Of course, yeah. But it's still a really decent gaming rig. I can play most titles, including some recent ones with the graphics settings maxed out and still not seeing much of a bottleneck. It's right near the limit but holding it's own in titles like Crysis 2, Crysis 3, Battlefield 3 and Battlefield 4.* In other words, the system as a whole still functions at a high enough level to enjoy the gaming experience, even with some newer titles.*

Here are my rig's vital statistics when playing Battlefield 3:

Getting 200FPS peak and about 175FPS average





Correction: Im not sure if these results are from Crysis 2 or Battlefield 3. I will have to go back and check.


----------



## storm-chaser (Nov 4, 2020)

I just purchased a Biostar TA880GU3+ motherboard. Going way back to my first 970 BE rig, I found that this board does super well in terms of memory latency and has decent overclocking options in the BIOS. It was reliable for me back in the day, so I am going to replicate that setup as much as possible. 

In addition to the new motherboard, I also ordered a Phenom II 1090T CPU and five Phenom II 960T processors. So I can have my cake and eat it too. Hoping to be able to do some binning with these and perhaps get one to go 4GHz on all six cores. 

If all else fails, I have the 1090T to throw at it. I should be able to get 4.0GHz all core overclock if it's a good chip. 

Updates to follow.


----------



## zenlaserman (Nov 4, 2020)

TBH, I thought you'd be shooting for 3.8 or higher from the get-go.  My brother and a few friends of mine had 1090Ts back in the day, and 4-4.3 wasn't too hard.  Ofc, they were dealing with prime silicon from the get-go, and those CPUs ended up well over 200w.  Monstrous performers back then!

I always wondered how an old Thuban would perform if it was shrunk to 14/12 or even 7nm lithography.  How tiny would it be?  LOL

Edit:  regarding your overclocking, I forgot to add, the numbers shown @ 3.5GHz on your 12V rail scare me!

--------------------------



ExcuseMeWtf said:


> Wouldn't 5700XT be severely bottlenecked with that CPU in most games?



"Bottleneck" gets thrown around far too often in this forum, IMHO.  Everything has a bottleneck.  Speed Limit signs are bottlenecks.  HDDs are bottlenecks.  x86 is a bottleneck.  Needing to use your hands for a PC is a bottleneck.  Using a forum for conversation is a bottleneck.

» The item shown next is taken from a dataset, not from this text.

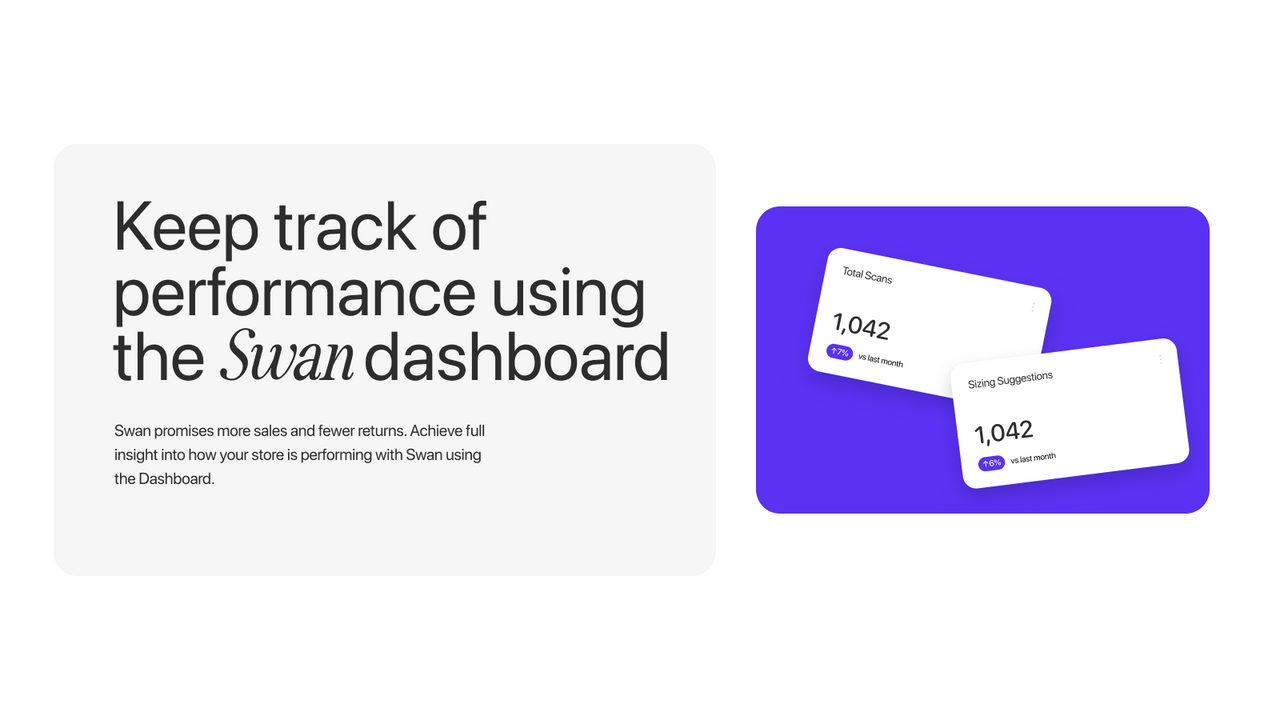 Swan has a dashboard for you to track your success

Doesn't matter.  If it works, it works, regardless of how old it is, IMHO.


----------



## ExcuseMeWtf (Nov 4, 2020)

zenlaserman said:


> "Bottleneck" gets thrown around far too often in this forum, IMHO.  Everything has a bottleneck.  Speed Limit signs are bottlenecks.  HDDs are bottlenecks.  x86 is a bottleneck.  Needing to use your hands for a PC is a bottleneck.  Using a forum for conversation is a bottleneck.
> 
> Doesn't matter.  If it works, it works, regardless of how old it is, IMHO.



Way too philosophical, not practical enough.

Not every piece of hardware is perfectly tuned to one another perf-wise in most PCs, but there is a difference between card working at 95% and 50-60%...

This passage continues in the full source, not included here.